What is required:
Return every record verbatim, omitting all pictures.

Provided records:

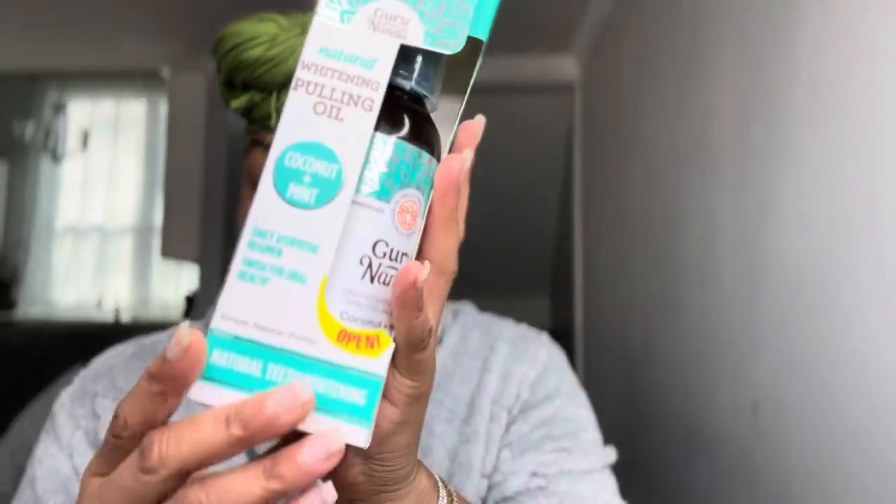This is the GuruNanda Natural Whitening Pulling Oil. I actually had whitening strips in my Amazon cart already, so when I seen this video I was like, those are the whitening strips I was gonna order! The package says warning: processed in a facility that processes peanuts, tree nuts, soy, milk, and/or wheat — so if y'all are allergic to that stuff, that's very important to know. This is my first time hearing about pulling oils and I'm excited. You have to do this before brushing your teeth. I want to check if they have a toothpaste because I want to use the whole line.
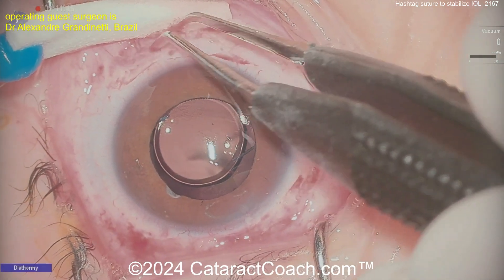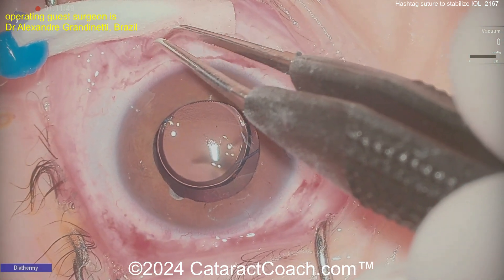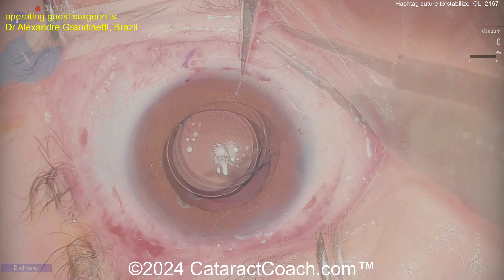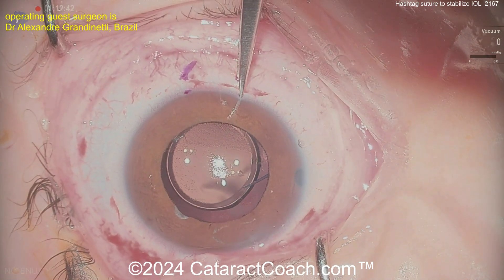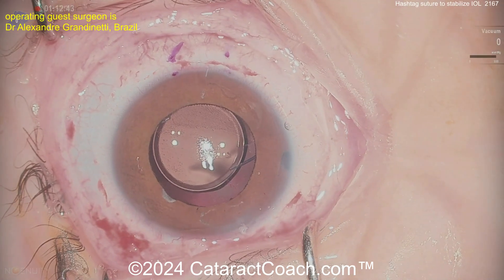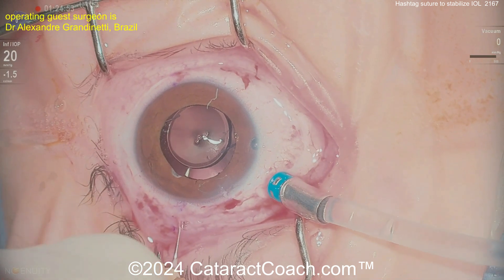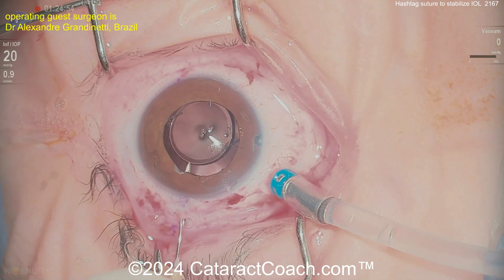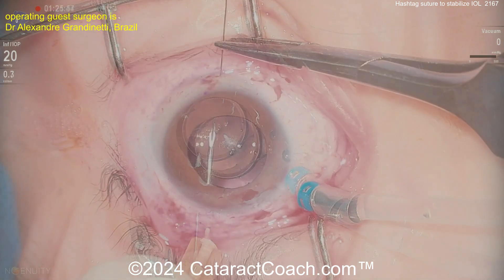The problem the patient's having is that this young, active patient is sometimes so active — running around as young people do — where that IOL optic becomes captured and comes in front of the iris. That is a problem, as the patient then has to be brought into the clinic, placed in a supine position, and hopefully the optic falls back. So our surgeon here says, let me figure out a better way of doing this.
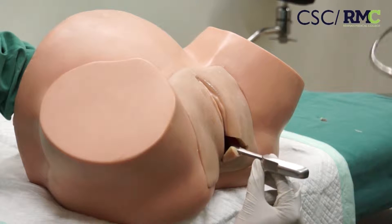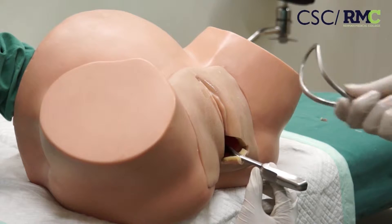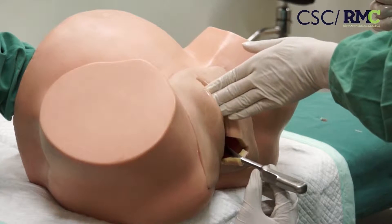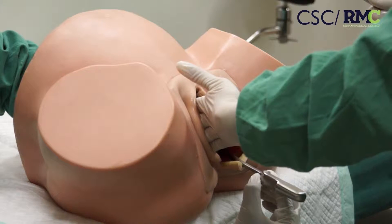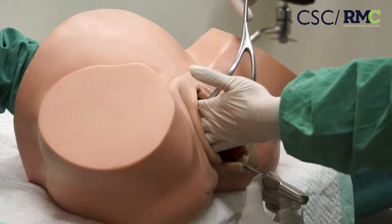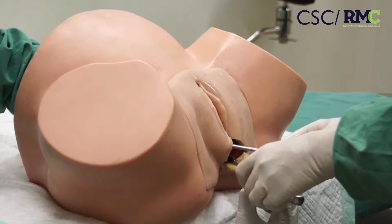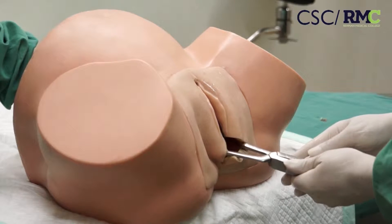Now take the right blade and lubricate it again. Pull your left hand between the fetal head and the maternal right lateral vaginal wall, and in the same way sweep this blade between your hand and the fetal head. After insertion of both blades, this blade must lock properly.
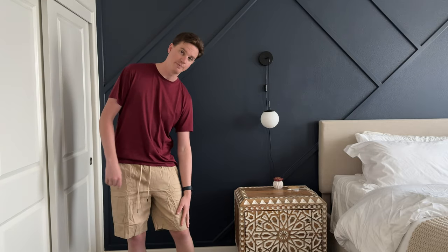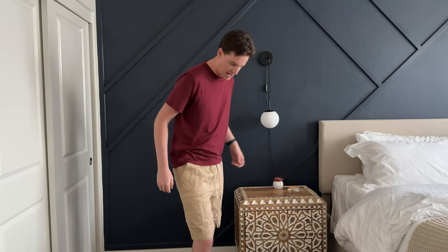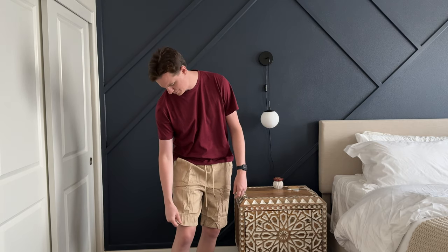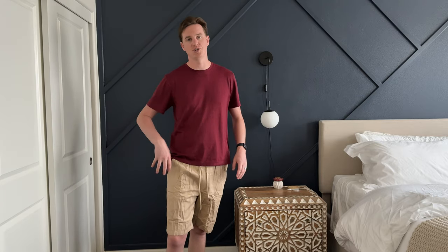On the length, they go to my knees, so they're a good length. They have two side pockets and two back pockets. The material has a thicker cotton kind of feel, almost like a dressier short, but still with a casual comfortable waistband so you don't have to wear a belt.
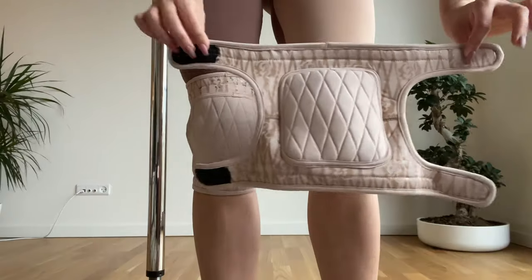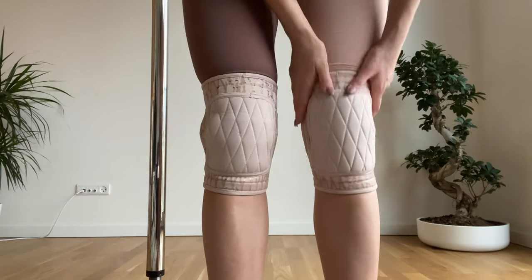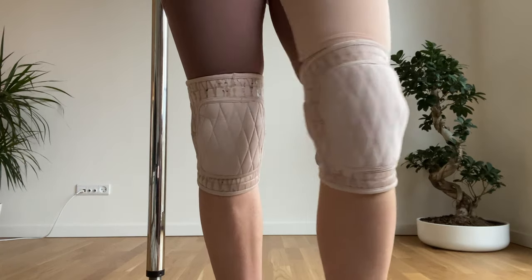So now it's time to put them on and try them with a pole. See you then.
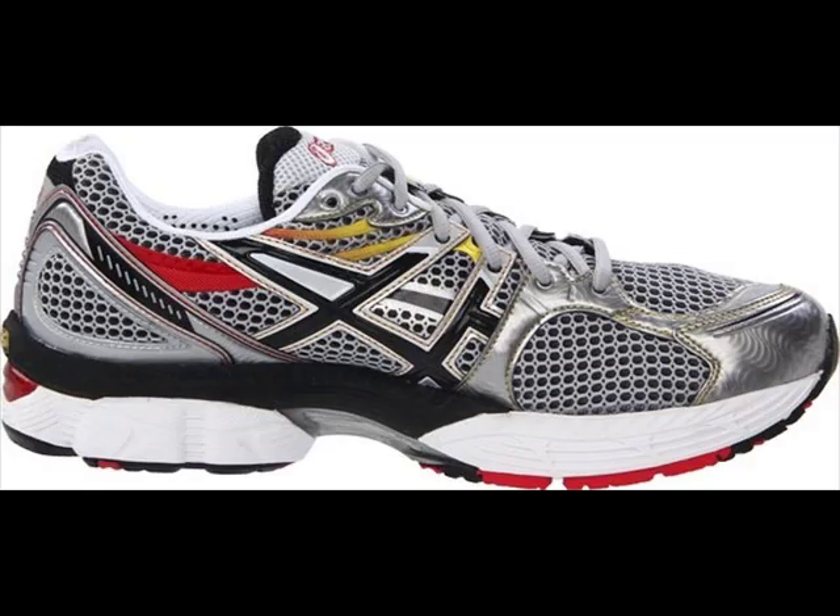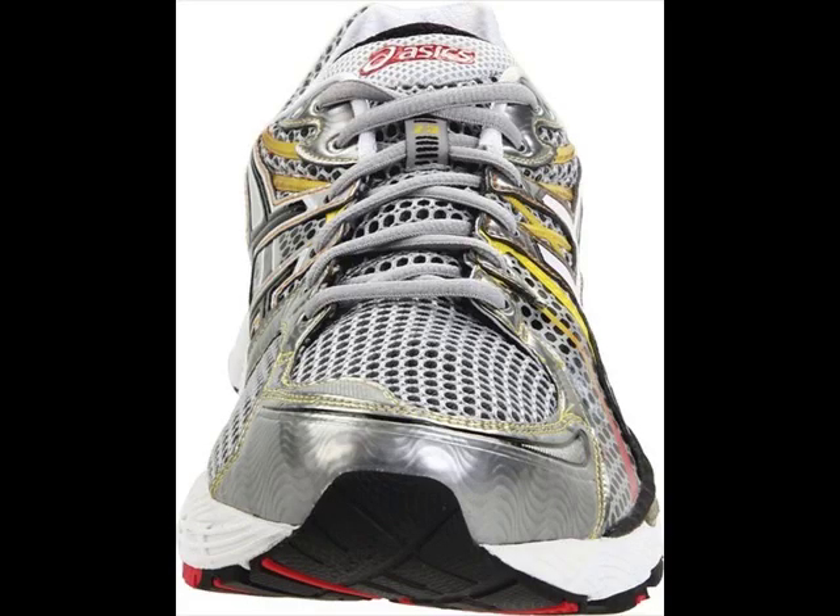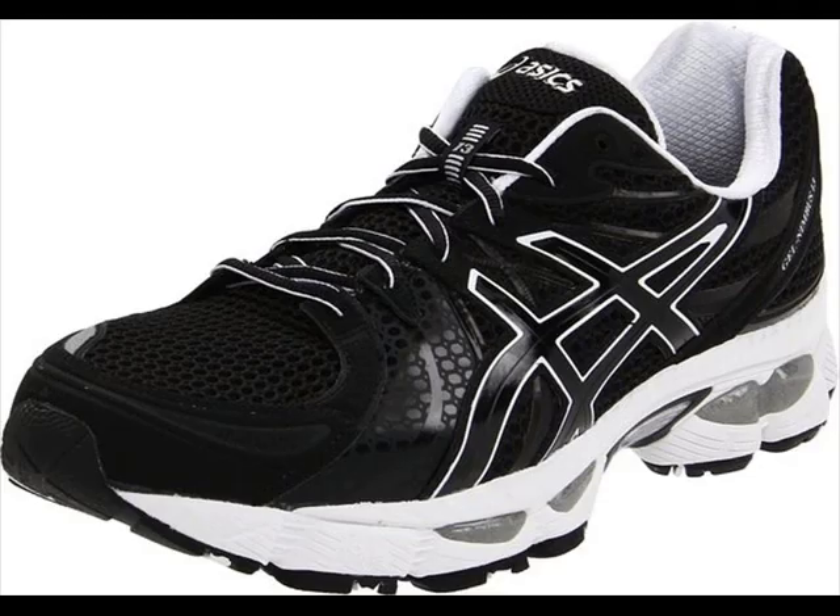They are built to provide your feet with both comfort and stability to help you go farther without the usual aches and pains that can be caused by the constant pounding this exercise puts on the legs and body. Both males and females of all ages enjoy the extra spring they get while wearing these shoes for running.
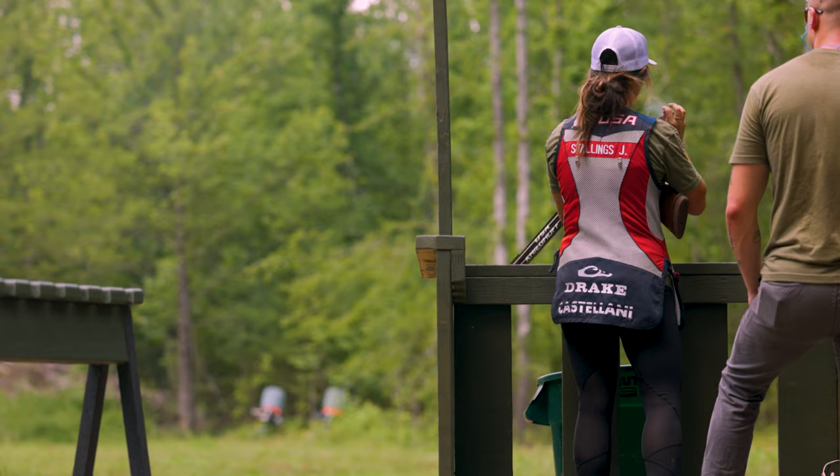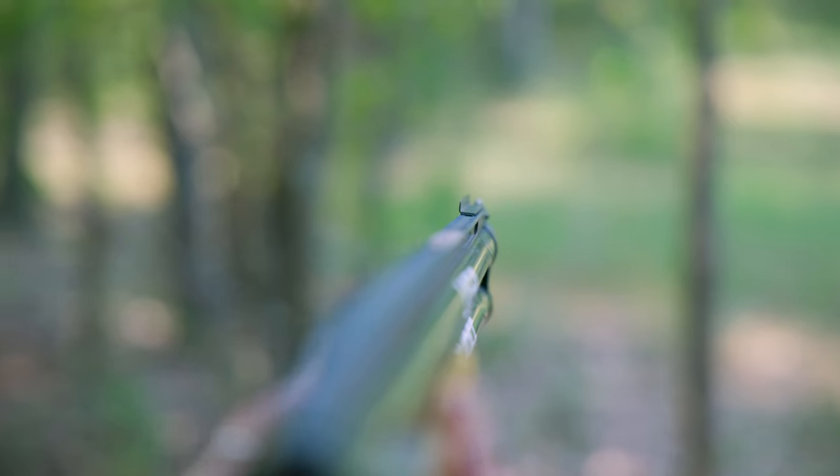The best part about Sporting Clays is the variety. Even though there are so many different kinds of targets thrown in different shapes and sizes, you'll never have the same thing over again, which makes it really unique — you don't always have to learn the same shot twice.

Exercise result:
This is the GuruNanda Natural Whitening Pulling Oil. I actually had whitening strips in my Amazon cart already, so when I seen this video I was like, those are the whitening strips I was gonna order! The package says warning: processed in a facility that processes peanuts, tree nuts, soy, milk, and/or wheat — so if y'all are allergic to that stuff, that's very important to know. This is my first time hearing about pulling oils and I'm excited. You have to do this before brushing your teeth. I want to check if they have a toothpaste because I want to use the whole line.
The problem the patient's having is that this young, active patient is sometimes so active — running around as young people do — where that IOL optic becomes captured and comes in front of the iris. That is a problem, as the patient then has to be brought into the clinic, placed in a supine position, and hopefully the optic falls back. So our surgeon here says, let me figure out a better way of doing this.
Now take the right blade and lubricate it again. Pull your left hand between the fetal head and the maternal right lateral vaginal wall, and in the same way sweep this blade between your hand and the fetal head. After insertion of both blades, this blade must lock properly.
On the length, they go to my knees, so they're a good length. They have two side pockets and two back pockets. The material has a thicker cotton kind of feel, almost like a dressier short, but still with a casual comfortable waistband so you don't have to wear a belt.
So now it's time to put them on and try them with a pole. See you then.
They are built to provide your feet with both comfort and stability to help you go farther without the usual aches and pains that can be caused by the constant pounding this exercise puts on the legs and body. Both males and females of all ages enjoy the extra spring they get while wearing these shoes for running.
The best part about Sporting Clays is the variety. Even though there are so many different kinds of targets thrown in different shapes and sizes, you'll never have the same thing over again, which makes it really unique — you don't always have to learn the same shot twice.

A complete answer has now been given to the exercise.